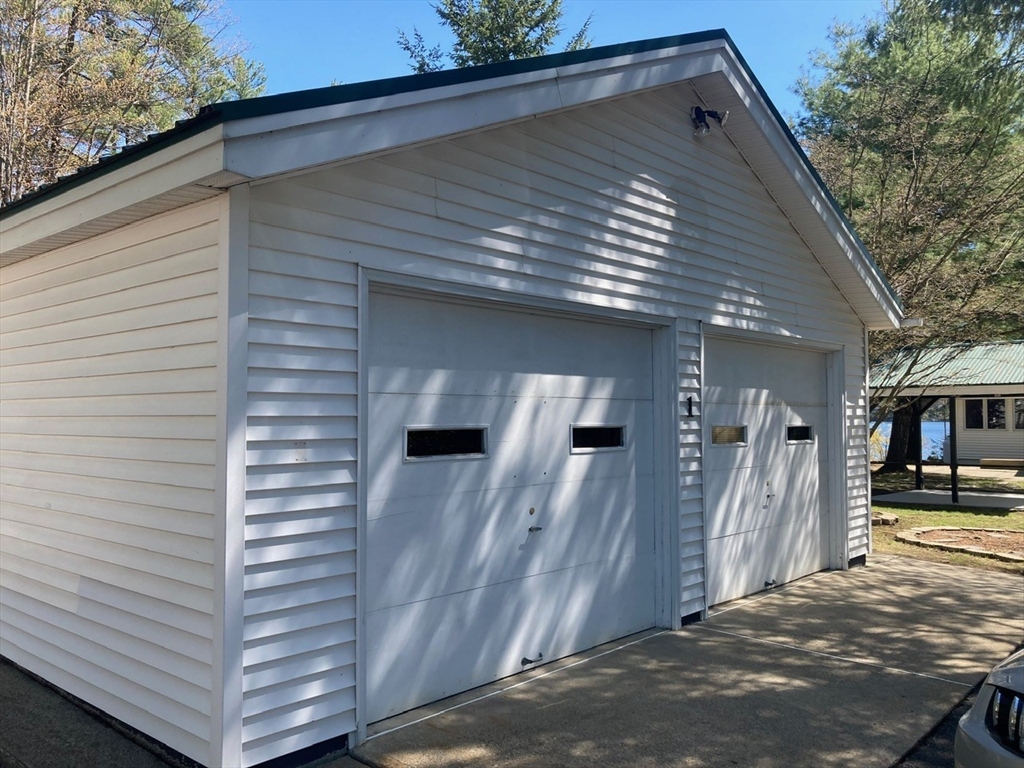 222 Snake Hill Road Ayer, MA 01432 - Photo 4 of 34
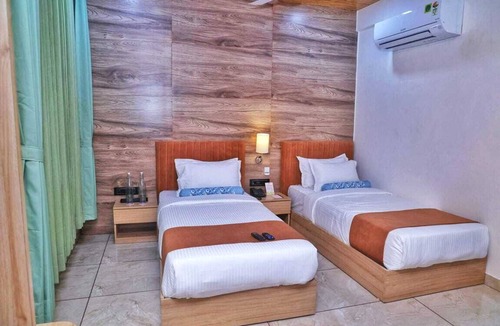 Botad Hotel | Hotel Lotus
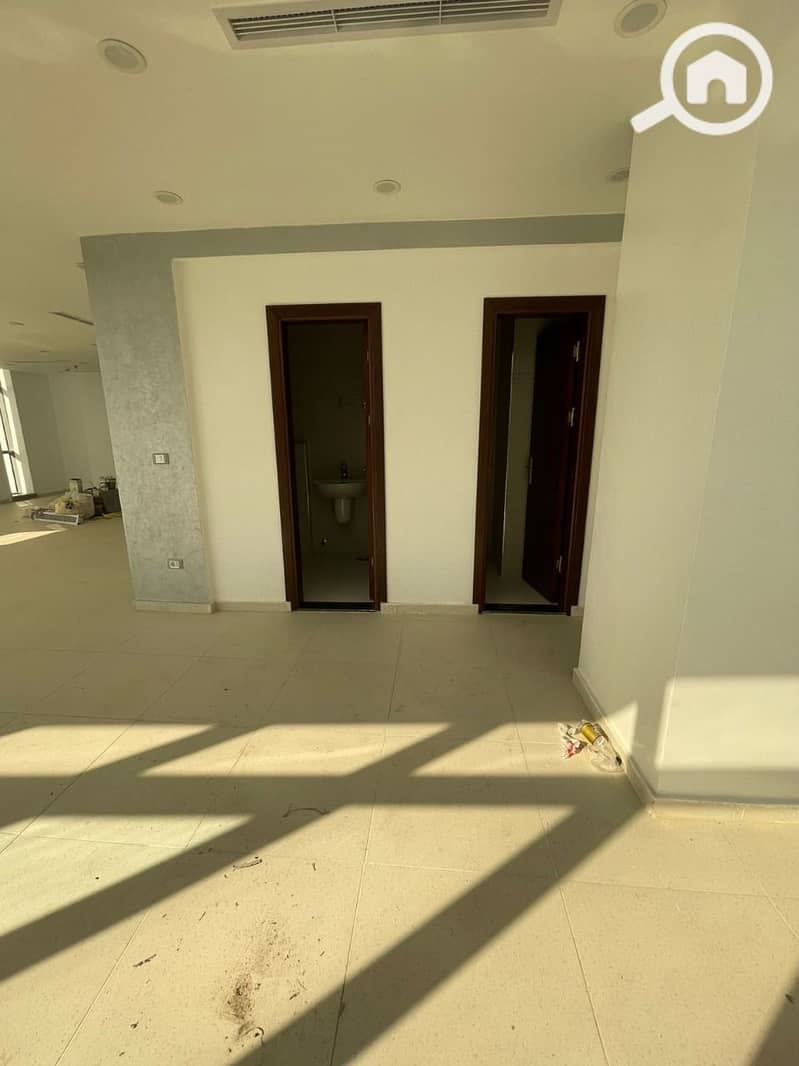 7 WhatsApp Image 2025-10-28 at 10.40. 59 AM (2). jpeg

+++++

What is needed: Copy out all the data above exactly, minus the images.

Answer:
 222 Snake Hill Road Ayer, MA 01432 - Photo 4 of 34
 Botad Hotel | Hotel Lotus
 7 WhatsApp Image 2025-10-28 at 10.40. 59 AM (2). jpeg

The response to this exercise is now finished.